# Python Basics 10: The Python Data Analysis Library

The objectives of this notebook are:

+ to introduce students to the pandas library, including loading data files in python, cleaning data, removing null values, indexing of pandas dataframes, selecting data columns, and some basic plotting

Special thanks to [Vanessa Kwarteng](https://www.predictivesciencelab.org/authors/vanessa/) for putting this Jupyter notebook together.

## Pandas Introduction

**What is pandas?** Pandas is a python package that provides fast, flexible and data structures that lets you work real life data quickly. More information about the pandas package can be found [here](https://pandas.pydata.org/pandas-docs/stable/getting_started/overview.html)

In order to use pandas in python we need to import the library into the notebook, as shown in the following cell.

In [None]:
# import the libraries needed

import numpy as np   # matrix and linear algebra
import pandas as pd  # python data analysis library


## Loading files

If we want to look at data we have collected for a project or experiment, we need to upload that data into jupyter notebook. To do this we can import the file using a `pandas` command. Pandas is able to read various types of files, in this activity we will be using pandas to read a [csv (comma separated values) file](https://en.wikipedia.org/wiki/Comma-separated_values).

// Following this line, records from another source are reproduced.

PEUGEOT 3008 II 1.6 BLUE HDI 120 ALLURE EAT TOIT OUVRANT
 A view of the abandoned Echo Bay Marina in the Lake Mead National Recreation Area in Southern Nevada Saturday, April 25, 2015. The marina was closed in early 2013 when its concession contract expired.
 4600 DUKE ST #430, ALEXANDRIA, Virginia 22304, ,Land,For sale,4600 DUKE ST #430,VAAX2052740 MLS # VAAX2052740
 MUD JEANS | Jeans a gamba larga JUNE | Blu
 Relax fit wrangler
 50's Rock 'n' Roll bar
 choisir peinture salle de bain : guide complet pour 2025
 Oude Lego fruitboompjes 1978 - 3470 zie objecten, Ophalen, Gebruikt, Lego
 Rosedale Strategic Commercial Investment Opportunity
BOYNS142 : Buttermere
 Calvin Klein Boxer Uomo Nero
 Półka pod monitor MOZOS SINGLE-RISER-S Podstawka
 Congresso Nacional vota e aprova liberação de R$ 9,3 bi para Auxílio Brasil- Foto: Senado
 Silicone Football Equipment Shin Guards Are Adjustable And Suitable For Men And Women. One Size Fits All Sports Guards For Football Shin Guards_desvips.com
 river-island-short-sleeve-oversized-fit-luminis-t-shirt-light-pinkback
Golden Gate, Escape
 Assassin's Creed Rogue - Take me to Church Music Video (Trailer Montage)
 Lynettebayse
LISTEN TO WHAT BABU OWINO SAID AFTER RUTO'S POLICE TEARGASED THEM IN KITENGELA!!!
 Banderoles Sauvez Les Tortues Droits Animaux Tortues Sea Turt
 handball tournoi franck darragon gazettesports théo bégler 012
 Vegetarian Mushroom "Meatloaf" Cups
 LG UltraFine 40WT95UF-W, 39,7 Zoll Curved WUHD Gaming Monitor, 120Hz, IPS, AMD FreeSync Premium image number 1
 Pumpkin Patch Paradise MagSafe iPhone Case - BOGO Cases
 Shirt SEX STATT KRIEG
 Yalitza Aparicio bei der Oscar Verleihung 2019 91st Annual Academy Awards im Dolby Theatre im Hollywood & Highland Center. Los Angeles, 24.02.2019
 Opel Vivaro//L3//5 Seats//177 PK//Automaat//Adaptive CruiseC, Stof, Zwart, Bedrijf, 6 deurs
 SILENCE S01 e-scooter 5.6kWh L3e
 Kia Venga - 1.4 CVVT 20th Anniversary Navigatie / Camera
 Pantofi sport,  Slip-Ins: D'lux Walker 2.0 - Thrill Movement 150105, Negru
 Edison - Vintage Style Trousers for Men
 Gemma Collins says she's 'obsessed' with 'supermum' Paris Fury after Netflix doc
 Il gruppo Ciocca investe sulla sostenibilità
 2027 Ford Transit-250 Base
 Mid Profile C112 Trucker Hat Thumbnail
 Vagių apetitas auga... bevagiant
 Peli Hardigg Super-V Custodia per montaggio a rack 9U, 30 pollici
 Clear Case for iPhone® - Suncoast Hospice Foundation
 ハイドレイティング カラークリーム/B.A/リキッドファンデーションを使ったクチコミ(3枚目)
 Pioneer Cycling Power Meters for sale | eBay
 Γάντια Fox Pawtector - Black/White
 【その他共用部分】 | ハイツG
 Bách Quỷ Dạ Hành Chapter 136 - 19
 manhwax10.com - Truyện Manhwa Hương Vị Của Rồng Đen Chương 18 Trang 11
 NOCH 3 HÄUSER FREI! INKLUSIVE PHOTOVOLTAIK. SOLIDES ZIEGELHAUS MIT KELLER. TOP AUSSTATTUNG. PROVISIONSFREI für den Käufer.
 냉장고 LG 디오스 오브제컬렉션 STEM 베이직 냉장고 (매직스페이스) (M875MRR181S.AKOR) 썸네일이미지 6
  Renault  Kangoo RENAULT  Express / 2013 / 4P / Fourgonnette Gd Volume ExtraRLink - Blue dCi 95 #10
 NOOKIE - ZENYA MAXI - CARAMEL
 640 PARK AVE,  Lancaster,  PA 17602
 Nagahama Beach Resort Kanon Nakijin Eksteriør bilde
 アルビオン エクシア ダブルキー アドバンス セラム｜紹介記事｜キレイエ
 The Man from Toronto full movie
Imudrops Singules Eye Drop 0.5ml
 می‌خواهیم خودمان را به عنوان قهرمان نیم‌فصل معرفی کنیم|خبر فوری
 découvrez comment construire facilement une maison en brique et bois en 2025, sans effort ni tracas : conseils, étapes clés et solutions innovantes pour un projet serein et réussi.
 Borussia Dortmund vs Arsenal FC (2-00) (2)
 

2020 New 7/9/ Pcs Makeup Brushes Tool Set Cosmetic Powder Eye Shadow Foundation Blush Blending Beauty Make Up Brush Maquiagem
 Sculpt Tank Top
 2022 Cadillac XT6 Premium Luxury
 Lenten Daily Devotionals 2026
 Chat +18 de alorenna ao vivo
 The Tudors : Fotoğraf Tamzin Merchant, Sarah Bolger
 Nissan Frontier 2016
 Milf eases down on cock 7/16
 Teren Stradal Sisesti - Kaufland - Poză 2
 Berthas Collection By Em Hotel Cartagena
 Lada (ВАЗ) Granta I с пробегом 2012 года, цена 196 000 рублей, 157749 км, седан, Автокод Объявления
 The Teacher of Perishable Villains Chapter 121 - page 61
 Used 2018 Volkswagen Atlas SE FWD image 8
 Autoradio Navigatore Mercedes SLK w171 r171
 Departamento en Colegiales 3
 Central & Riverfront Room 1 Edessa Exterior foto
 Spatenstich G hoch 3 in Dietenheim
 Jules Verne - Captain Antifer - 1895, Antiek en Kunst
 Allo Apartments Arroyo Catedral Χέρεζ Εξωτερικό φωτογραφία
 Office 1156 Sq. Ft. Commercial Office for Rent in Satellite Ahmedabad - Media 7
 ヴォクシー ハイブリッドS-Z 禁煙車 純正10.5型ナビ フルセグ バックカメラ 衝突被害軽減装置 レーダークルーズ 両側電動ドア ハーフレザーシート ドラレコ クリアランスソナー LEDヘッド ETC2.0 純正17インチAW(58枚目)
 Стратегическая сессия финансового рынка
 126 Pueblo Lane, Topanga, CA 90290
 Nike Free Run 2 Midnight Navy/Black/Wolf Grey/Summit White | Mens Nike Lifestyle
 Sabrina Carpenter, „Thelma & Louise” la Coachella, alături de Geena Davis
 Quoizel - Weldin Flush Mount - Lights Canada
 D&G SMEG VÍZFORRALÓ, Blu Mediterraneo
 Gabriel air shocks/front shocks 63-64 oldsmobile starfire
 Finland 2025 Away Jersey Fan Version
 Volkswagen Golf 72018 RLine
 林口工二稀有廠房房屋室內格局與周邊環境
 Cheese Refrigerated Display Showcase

To import the csv file in Python we use the following command `pandas.read_csv`. In Python there are some common shorthand we can use, `pandas` is typically shorten to `pd`. So we will use `pd.read_csv` to import the data file that we will work with.
<br><br>

## Dataset 
Scenario: A researcher wants to gain some insight about energy usage in apartment homes in a community and provide a grade for each apartments energy usage. The dataset `temp_price.csv` that you are given contains HVAC energy usage data collected from 50 apartment homes in one day
+ The apartment ID number (household)
+ The outdoor temperature for the day (t_out)
+ The indoor temperature of the apartment for the day (t_unit)
+ The amount of kwh consumed by the HVAC system for the day (hvac)
+ The price per kwh used (price)
+ The price per week for using the hvac (Price per week)
+ The price per day for using the hvac (Price per day)

Let's import the data to explore. This dataset is small, so that you will be able to see the changes you are making in order to become comfortable with cleaning data. In the future you will work with larger sized data sets.

The dataset can be accessed in this link:

https://raw.githubusercontent.com/PredictiveScienceLab/data-analytics-se/master/activities/temp_price.csv

If you run Jupyter your PC, then all you have to do is to download this file and put it in the same directory as the notebook.
If you work on Google Colab things are a bit more complicated.
We will show you how to do it later in the homework problems.
For now, let us just sprinkle some magick code that downloads the file and puts it in a spot that Google Colab can see:

In [None]:
# Make sure you run this on Google Colab
import requests
import os
def download(url, local_filename=None):
    """
    Downloads the file in the ``url`` and saves it in the current working directory.
    """
    data = requests.get(url)
    if local_filename is None:
        local_filename = os.path.basename(url)
    with open(local_filename, 'wb') as fd:
        fd.write(data.content)
   
# The url of the file we want to download
url = 'https://raw.githubusercontent.com/PredictiveScienceLab/data-analytics-se/master/activities/temp_price.csv'
download(url)

Now you should have access to the ``temp_price.csv`` file from within this notebook and the following code should work:

In [None]:
# Reads a csv file into the pandas framework
temp_price = pd.read_csv('temp_price.csv')

In [None]:
# Displays how pandas looks at the file
temp_price

# Observations from the dataset so far

The very first column is the index of each entry. Notice how python counts the rows, it starts with 0 and not 1. This is different than other programming softwares that start counting from 1. Then you have columns with various names. The first column is the "household" id, then the "date," etc.
**Questions:** What are some other things you notice about the data set?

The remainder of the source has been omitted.